Carla Banks = Danuta Reah
Carla Banks ist übrigens das Pseudonym von Danuta Reah, die bereits einige Krimis veröffentlicht hat. Auf der Homepage von Carla Banks ist nur ein kleiner versteckter Link zu ihrem "echten" Autorenportrait. Als Begründung, warum "Der Wald der toten Seelen" unter einem Pseudonym veröffentlicht wurde, wird angegeben, dass dieses Buch sich sehr von den anderen Büchern der Autorin unterscheiden würde. Dieser Aussage kann ich nicht zustimmen, denn obwohl mir diese Tatsache unbekannt war, empfand ich sofort eine Ähnlichkeit mit dem ersten Krimi von Danuta Reah "Letzter Halt".
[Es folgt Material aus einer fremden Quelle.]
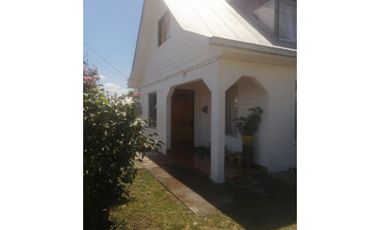 VENTA CASA PARRAL |URETA BRAVO PROPIEDADES|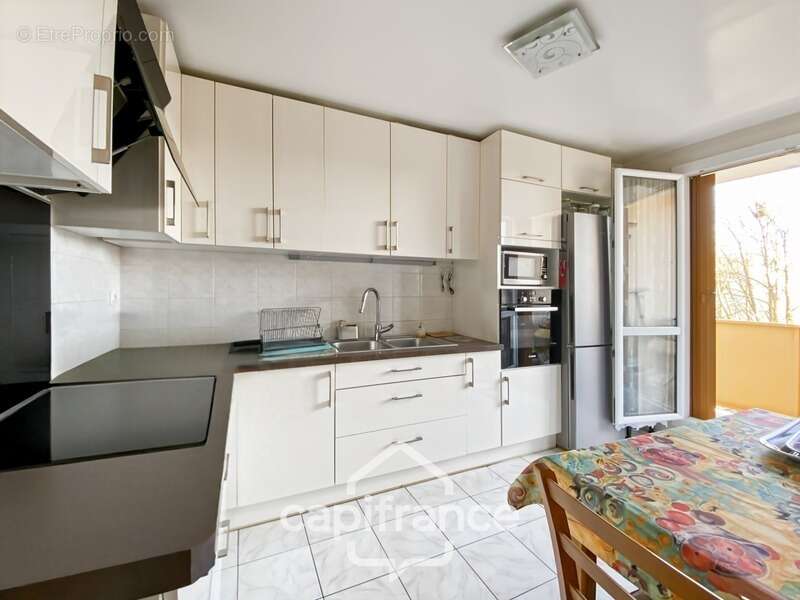 Appartement à BROU-SUR-CHANTEREINE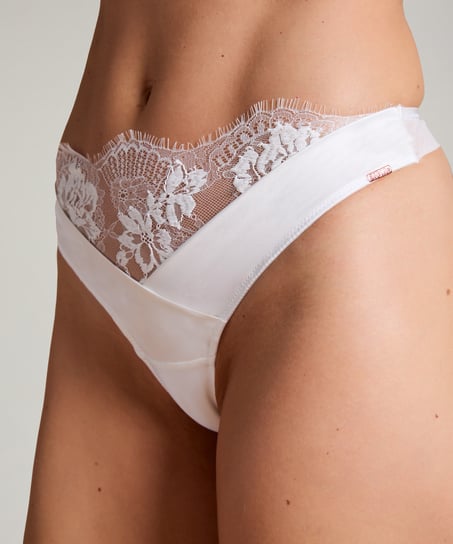 Tiah Thong, White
"Der Wald der toten Seelen" entspricht nicht gerade dem Klischee eines waschechten Krimis, bis auf die Tatsache, dass ein Mord gleich am Anfang der Geschichte steht. Der Fortgang der Story wird eher geprägt durch geschichtliche Recherche sowie den Versuch, dunkle Geheimnisse einiger Mitwirkender zu lüften. Weder Faith Lange noch Jake Denbigh agieren als Amateurdetektive und der Mord an Helen Kovacs scheint fast nur Beiwerk zu sein. Dennoch gelingt es Carla Banks, eine eigentümliche Spannung aufzubauen, derer man sich nur schlecht entziehen kann. Sie gestaltet den Ablauf recht abwechslungsreich, indem sie den Leser aus verschiedenen Perspektiven teilhaben lässt: Mal wird die Geschichte aus Sicht von Faith Lange erzählt, mal aus Sicht von Jake Denbigh. Dazwischen gibt es auch einige Kapitel, welche die Vergangenheit Marek Langes näher beleuchten.
Gute Recherche gepaart mit interessantem Aufhänger
Interessant ist vor allem, wie Carla Banks dieses Buch aufgebaut hat. Man spürt, dass sie sehr genau recherchiert hat, um das Grundgerüst ihrer Handlung zu erschaffen. Obwohl sie mit den geschichtlichen Details zu keiner Zeit langweilt, überflutet sie den Leser teilweise doch mit Informationen, die sie aus spannungstechnischen Gründen an einigen Punkten auch nur häppchenweise serviert, was wiederum das Ganze recht kompliziert macht. Nachdem alle Geheimnisse gelüftet wurden, blieb ich dann also etwas verwirrt zurück, da mir erstens die Zeit zum Verarbeiten fehlte und zweitens auch der geschichtliche Hintergrund, um alle Puzzlestücke zu einem Gesamtbild zusammenzusetzen. Insofern beschäftigt einen das Buch auch noch nach der Lektüre, was bei vielen Büchern der Marke Alzheimer - gerade gelesen und schon wieder vergessen - nicht gegeben ist.
Sprachlich und vom relativ unspektakulären Handlungsablauf her gesehen ist "Der Wald der toten Seelen" ein wirklich durchschnittlicher Krimi, der mit düsterer Symbolik russischer Märchen und geheimnisvollen Andeutungen über Partisanentätigkeit, Kollaboration und Kriegsverbrechen aufgepeppt wurde, aber der Aufhänger, nämlich die Aufarbeitung eines relativ unbekannten Teils der weißrussischen Geschichte, macht das Buch interessanter und vielschichtiger als gedacht.